She first joined the Georgetown community in Fall 2008 as a Visiting Assistant Professor for the Program on Justice and Peace (JUPS) and served as Director of that program from January 2011 -
December 2013. Under her leadership, CSJ has deepened its engagement in Washington, DC, increased diverse opportunities for student involvement, reduced barriers to engaging in service, and overseen successful grant/contract writing totaling $3.5 million. Andria has been awarded the prestigious American Council on Education fellowship for AY2020-2021.
Andria received her Ph.D. in Comparative and International Education and Philosophy from Columbia University and master's in International Educational Development and Peace Education from Teachers College. Her research and teaching are in the fields of peace education, conflict transformation, and international educational development. Andria is deeply interested in the intersection of higher education and societal conflict and committed to how higher education can – through utilization of its diverse resources and
community based experiential learning – contribute to the creation of a more just and humane world.
Andria’s commitment to social justice began as an undergraduate at the University of Notre Dame and has been a continuing thread through her work for social change in various parts of the world, including in Tanzania and Turkmenistan. After graduating from university, Andria began her vocation within education as a school teacher at an independent Catholic school, the Cornelia Connelly Center (CCC), which serves girls from low-income immigrant families of the Lower East Side, New York City. She served as an invited member of the Board of Trustees of the CCC for six years and welcomes their 20 8th grade young
women to the Hilltop each Spring as part of their field trip to Washington, DC.

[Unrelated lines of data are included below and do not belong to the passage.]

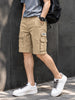 Men's Beige Relaxed Fit Solid Utility Cargo Shorts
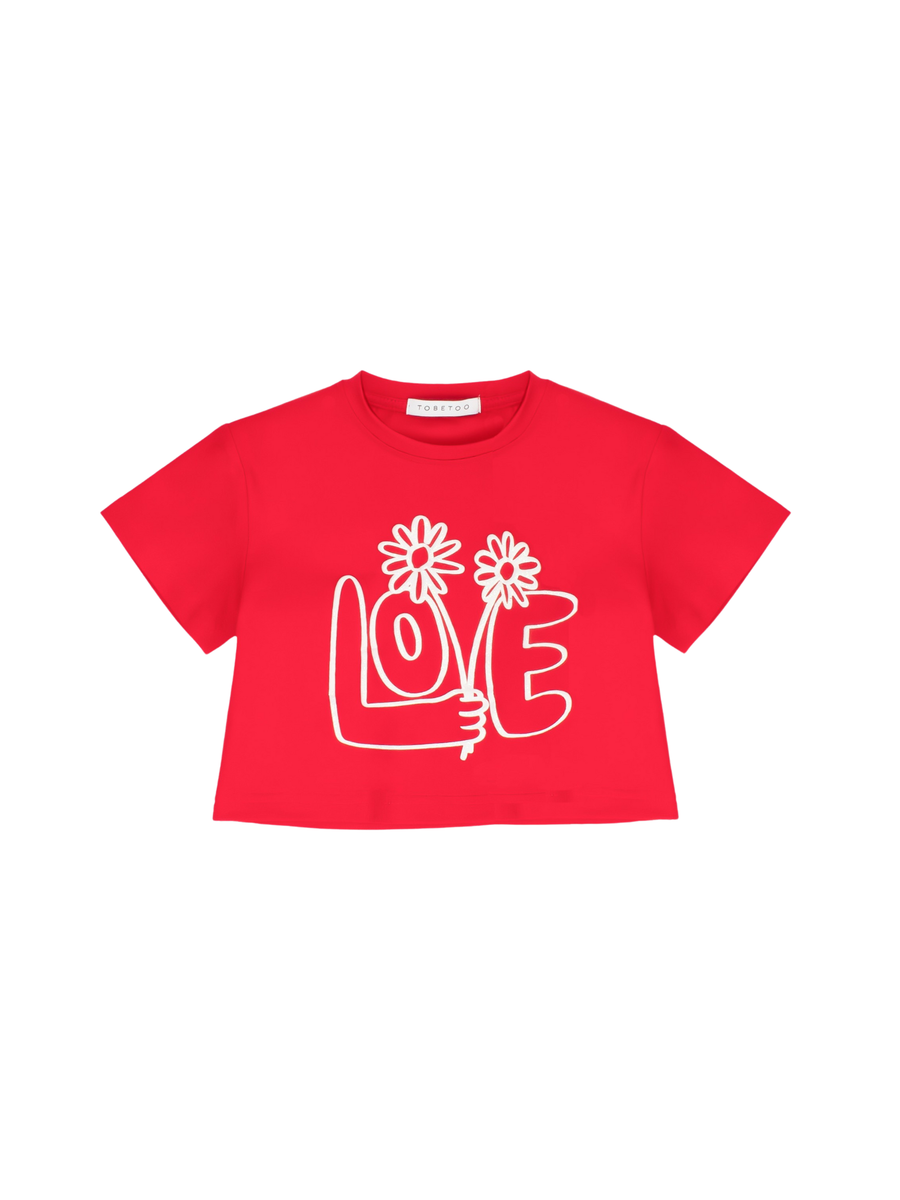 T-Shirt cropped Tobetoo rossa "love" 340TTBS25 ROSSO Tobetoo 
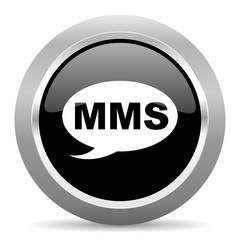 mms black metallic chrome web circle glossy icon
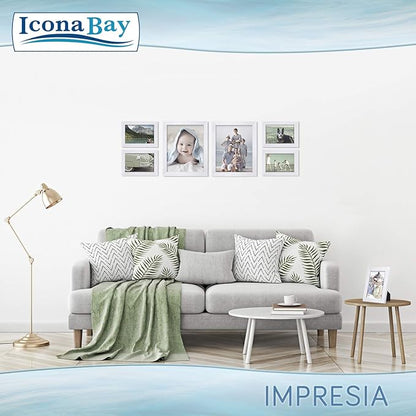 Icona Bay Combination White Picture Frames Set - 10 PC (Four 4x6, Four 5x7, Two 8x10), Impresia Collection Multi-Pack, Simple Modern Design for Wall Gallery
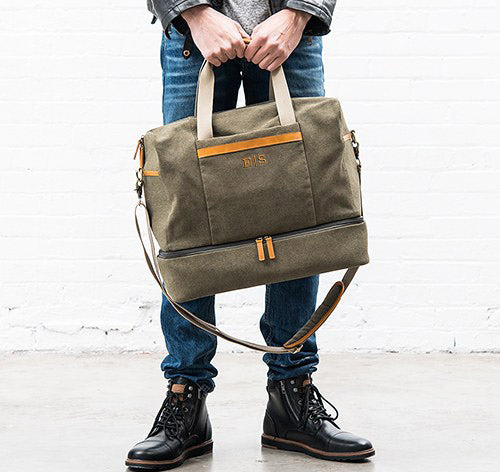 Leather &amp; Canvas Groomsmen Weekend Bag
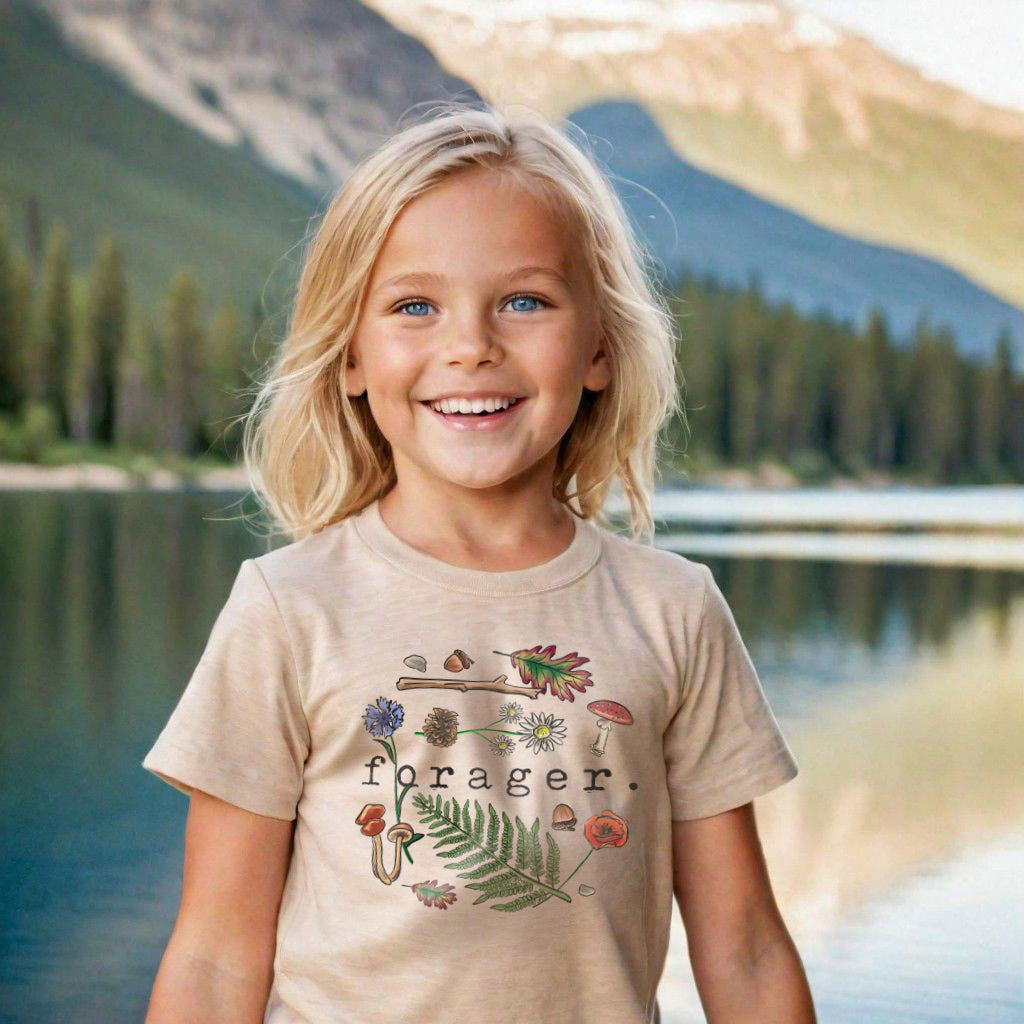 "Forager" Nature Loving Outdoor Enthusiast Design for Toddlers and Youth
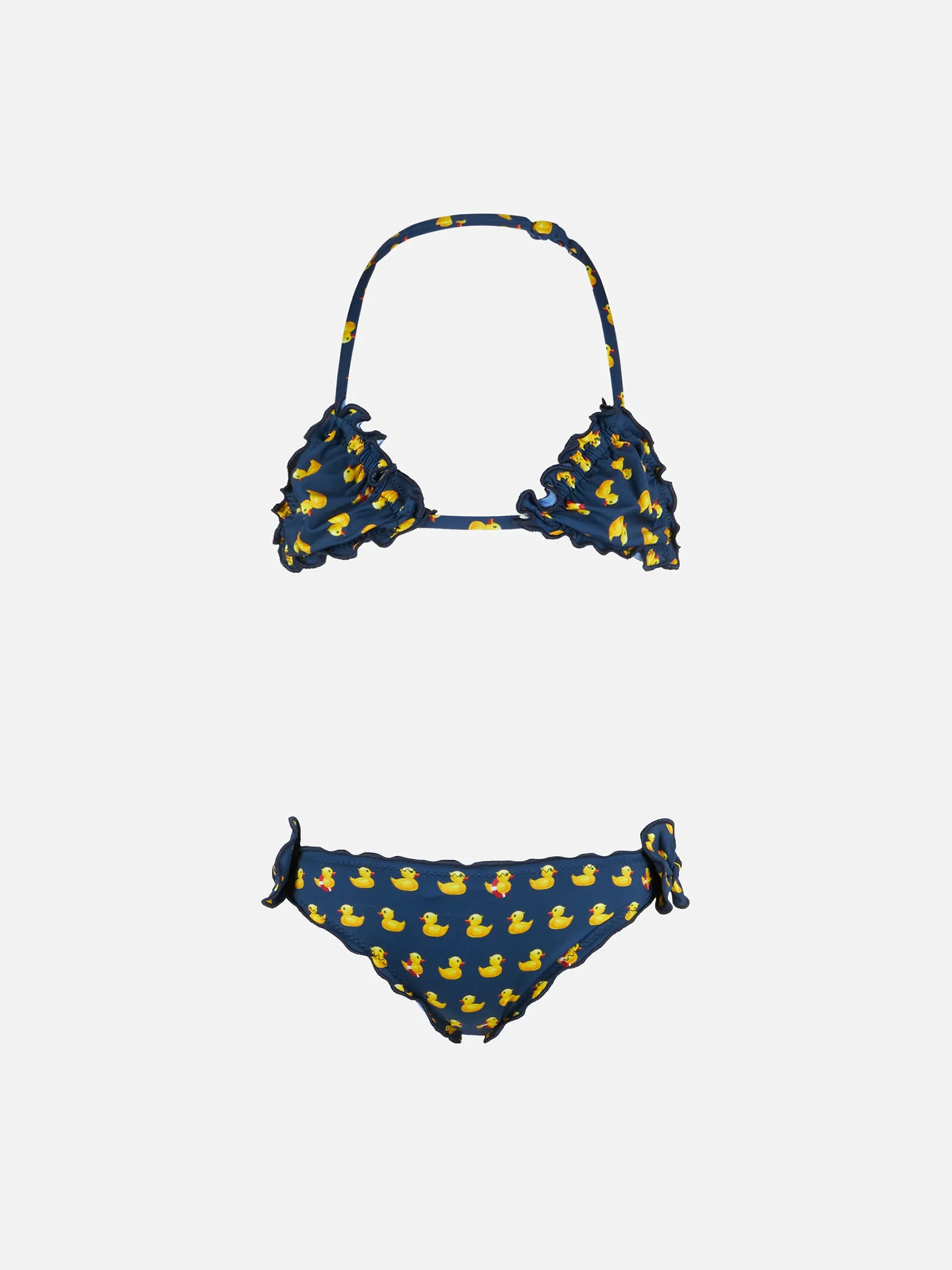 Mädchen-Triangel-Bikini mit Enten-Print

At Georgetown, Andria has been involved in many campus initiatives and programs. She participated in the inaugural group of Doyle Fellows, a campus initiative on inclusion and diversity, the Engelhard Initiative and, in the Fall 2010 semester, Andria was a faculty-in-residence in Georgetown’s Alanya, Turkey study abroad/community living-and-learning program. Recently, Andria served as co-chair of the University’s Advisory Board for Access and Affordability with Jason Low (’17), tasked with ensuring a more equitable Hoya experience for all students. She is the co-editor of a one of a kind volume, Peace
Education Evaluation (2015). She is married to Bill Rebeck, Professor of Neuroscience, whom she met at Georgetown; they are the parents of Jackson who is in the third grade.